Autopack over dumb transports causes excess use of bandwidth.

Wed Sep 9 15:43:37 BST 2009

-----BEGIN PGP SIGNED MESSAGE-----
Hash: SHA1

Gary van der Merwe wrote:
> I've been using bzr recently for managing websites. Autopack is really
> hurting me like this.
> 
> The histories for these sites generally look like this:
> 
> Rev 1 - Initial commit of existing site. (for one site, the example I'll
> use, this is about 20mb)
> Rev 2 - Small change
> Rev 3 - Small change
> Rev 4 - Small change
> Rev 5 - Small change
> etc.
> 
> Lets say I push at rev 2 (via ftp.) 20mb gets uploaded.
> 
> Commit some more small revs...
> 
> Push. Autopack runs, which downloads 20mb, and then uploads 20mb+1. <-
> Unnecessary.

So this would probably happen, given that you have only 10 revs, and we
don't sort by size, but only by number-of-revisions count.

> 
> Pull on computer B - Downloads 20m+1
> 
> Commit some more small revs on computer A, Push. Autopack runs, which
> downloads 20mb+1, and then uploads 20mb+2. <- Unnecessary.

This seems wrong.

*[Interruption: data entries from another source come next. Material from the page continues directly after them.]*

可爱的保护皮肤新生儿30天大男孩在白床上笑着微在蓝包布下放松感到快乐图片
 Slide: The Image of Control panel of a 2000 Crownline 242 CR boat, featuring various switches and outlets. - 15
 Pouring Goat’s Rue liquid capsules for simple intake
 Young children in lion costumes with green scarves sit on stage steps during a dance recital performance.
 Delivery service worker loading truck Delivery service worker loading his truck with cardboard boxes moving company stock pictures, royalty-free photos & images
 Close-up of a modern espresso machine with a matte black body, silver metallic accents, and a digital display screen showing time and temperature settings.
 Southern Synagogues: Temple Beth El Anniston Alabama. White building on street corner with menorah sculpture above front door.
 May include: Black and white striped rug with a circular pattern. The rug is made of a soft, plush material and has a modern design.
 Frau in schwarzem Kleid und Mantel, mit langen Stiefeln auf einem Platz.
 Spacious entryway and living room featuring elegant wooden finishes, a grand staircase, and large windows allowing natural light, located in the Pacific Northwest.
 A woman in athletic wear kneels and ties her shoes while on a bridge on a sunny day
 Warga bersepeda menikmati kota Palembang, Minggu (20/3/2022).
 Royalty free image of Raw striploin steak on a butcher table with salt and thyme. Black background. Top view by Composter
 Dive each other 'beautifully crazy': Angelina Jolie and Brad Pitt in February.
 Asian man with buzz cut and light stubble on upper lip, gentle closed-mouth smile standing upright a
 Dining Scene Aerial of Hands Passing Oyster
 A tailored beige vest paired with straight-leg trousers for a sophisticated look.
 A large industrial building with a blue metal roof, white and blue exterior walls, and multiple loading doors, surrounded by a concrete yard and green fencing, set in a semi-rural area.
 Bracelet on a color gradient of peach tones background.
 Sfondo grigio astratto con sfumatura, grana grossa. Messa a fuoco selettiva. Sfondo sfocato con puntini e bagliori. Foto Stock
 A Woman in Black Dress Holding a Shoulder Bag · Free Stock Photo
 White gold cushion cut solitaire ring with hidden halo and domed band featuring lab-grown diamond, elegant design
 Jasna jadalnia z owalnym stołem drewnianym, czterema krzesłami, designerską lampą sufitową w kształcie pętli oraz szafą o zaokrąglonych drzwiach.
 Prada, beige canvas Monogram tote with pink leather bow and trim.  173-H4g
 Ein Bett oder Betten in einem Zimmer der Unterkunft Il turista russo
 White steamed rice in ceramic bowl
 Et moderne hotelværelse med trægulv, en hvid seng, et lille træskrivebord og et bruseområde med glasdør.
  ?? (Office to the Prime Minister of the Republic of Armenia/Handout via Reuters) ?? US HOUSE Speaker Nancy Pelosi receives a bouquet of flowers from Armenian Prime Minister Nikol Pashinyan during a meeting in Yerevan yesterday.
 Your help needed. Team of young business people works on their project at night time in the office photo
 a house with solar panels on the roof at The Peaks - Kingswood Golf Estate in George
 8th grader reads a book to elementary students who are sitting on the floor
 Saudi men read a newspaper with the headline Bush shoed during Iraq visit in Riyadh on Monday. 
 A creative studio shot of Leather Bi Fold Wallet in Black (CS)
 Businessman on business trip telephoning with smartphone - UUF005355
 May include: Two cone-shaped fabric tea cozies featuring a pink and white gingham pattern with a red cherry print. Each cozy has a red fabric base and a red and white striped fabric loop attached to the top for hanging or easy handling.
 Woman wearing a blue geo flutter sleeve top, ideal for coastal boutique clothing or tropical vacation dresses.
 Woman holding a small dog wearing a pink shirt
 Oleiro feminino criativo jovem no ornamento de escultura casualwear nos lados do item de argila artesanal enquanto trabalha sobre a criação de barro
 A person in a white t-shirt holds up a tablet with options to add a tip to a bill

Once a pack file has been 'autopacked' it should then
contain 10 revs, and not be scheduled for repacking until you have 100 revs.

> 
> Pull on computer B - Downloads 20m+2 <- Unnecessary.
> 

This should also not really be happening, but it would depend on some
specifics about how the groups are laid out, etc. I'm guessing you
aren't positive about the numbers other than knowing that they are
"bigger than I would like".

> 
> Repos are in 2a format, using bzr 1.7
> 
> I don't know if this a bug, or a user problem, but it is driving me crazy.
> 
> Can any one suggest how I can avoid this excess use of bandwidth?
> 
> Regards
> 
> Gary

I realize your case is extra sensitive, because you have bandwidth caps
and fees based on amount transferred.

I'll try to break down what *I* think is happening.

1) Commit 1 includes 20MB of raw content.
2) All commits past this point have a trivial amount of changes to that
content.
3) At commit 10, we will recombine the 10 packs creating 1 20MB+epsilon
pack. At this point, all of the content for commits 2-9 will be mixed
with the data from the original commit. The actual layout will be
dependent on how the groups are laid out. However, given the short
history, I would guess the groups are probably something like:

[(f1,r1) (f2, r1) (f3, r1) (f4, r10) (f4, r9) (f4, r8) (f4, r7), ...]

Note that in *one* group we have the content for several different
files, as well as the content across the history for a single file. The
max size for a mixed group like this is generally 2MB. (For
single-file-content we grow the group to 4MB.)

4) When computer B wants to get the new content for revisions 9 & 10, it
has no choice but to grab whole groups (over a dumb transport). So when
it tries to grab (f4, r10) and (f4, r9) it grabs the whole 2MB group,
and then extracts just those texts and inserts it into the local repository.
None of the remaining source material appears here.